Chapter 6 - The Name Game
Thankfully, Wansink moves to another 'hidden persuader' of truly subliminal power** that belies the childhood recitation, "Sticks and stones may break my bones but words will never hurt me." According to the author, mere words have the ability to influence our food choices for better or for worse, creating certain expectations of eating behaviors mentioned in earlier chapters. Remember the North Dakota versus California wine experiment in Chapter 1, and the resulting effect on diners? By using descriptors drawn from four basic themes (geography, nostalgia, sensory and brand), food marketers and advertisers evoke a strong response that may determine our anticipation of enjoyment of the food and, consequently, how much we will eat (128). This can certainly prove to be a pitfall when dining out.
But the language used to describe food can have a positive effect, says Wansink, whose most recent study found that pre-school children ate twice as much vegetables when the produce were given names such as 'Dinosaur Broccoli Trees' and 'Tomato Bursts'. Similarly with adults, the resultant feelings of satisfaction and satiety with our meals can be managed by consciously forming these expectations ourselves at home.

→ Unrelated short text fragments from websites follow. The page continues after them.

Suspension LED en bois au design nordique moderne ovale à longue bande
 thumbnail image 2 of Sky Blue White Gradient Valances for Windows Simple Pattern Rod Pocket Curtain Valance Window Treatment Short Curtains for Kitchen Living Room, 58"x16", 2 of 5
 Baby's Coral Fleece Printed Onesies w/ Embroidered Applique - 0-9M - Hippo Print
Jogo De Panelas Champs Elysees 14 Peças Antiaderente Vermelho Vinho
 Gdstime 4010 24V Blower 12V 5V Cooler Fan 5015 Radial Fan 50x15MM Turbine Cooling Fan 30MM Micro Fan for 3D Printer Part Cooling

"[W]e taste what we expect we'll taste," writes Wansink, so he suggests describing the food you prepare yourself with positive, evocative terms and creating a special atmosphere, for instance, by using pretty dinnerware or linens (138). Presumably, this strategy should make even a small portion feel super-sized. Does it work? Perhaps you can tell me with the recipe below . . .
Please join me and Joie de Vivre again next Friday as we continue our discussion of this fascinating book!
[**For an excellent study on the power of language, I recommend the PBS Frontline documentary, The Persuaders, which examines how marketers, advertisers, pollsters and pundits skillfully manipulate words and phrases to influence public and personal opinions]
A Stew by Any Another Name . . .
I refer to this simply as the 'bean dish', whose interchangeable primary ingredients - beans, meat, seasonings - make it a dependable regular in our dinner rotation. We've always enjoyed it, generic name and all, but I must admit that calling it a 'cassoulet' (though it barely qualifies as such) gives it a certain Gallic flair. Bon appétit!
A Humble Sausage and White Bean Stew
1 Tbsp grapeseed or canola oil
1 cup red onions, diced (about 1/2 large onion)
1 clove garlic, minced
10 oz chorizo* sausage (approx. 3 links, casings removed)
1 (15 oz) can white** beans such as cannellini or Great Northern, rinsed
1 (15 oz) can diced tomatoes
1/2 tsp ground chipotle pepper***
1/2 tsp oregano***
Feel free to change up the meats, beans, and flavorings! Some suggestions:
* Italian sausage, ground lamb
** black beans, red kidney, black-eyed peas
*** Italian, Greek, Indian seasonings and spices
1. Heat oil in a fry or sauté pan then add garlic and onions and sauté until soft;
2. Add chorizo, breaking it into small pieces, and sauté until cooked through;
3. Add beans and diced tomatoes and bring to a low simmer;
4. Add chipotle pepper and oregano and continue on a low simmer for 10-15 minutes, partially covered, and stirring occasionally;
5. Remove from heat and serve over rice or, as a stew, with a rustic bread.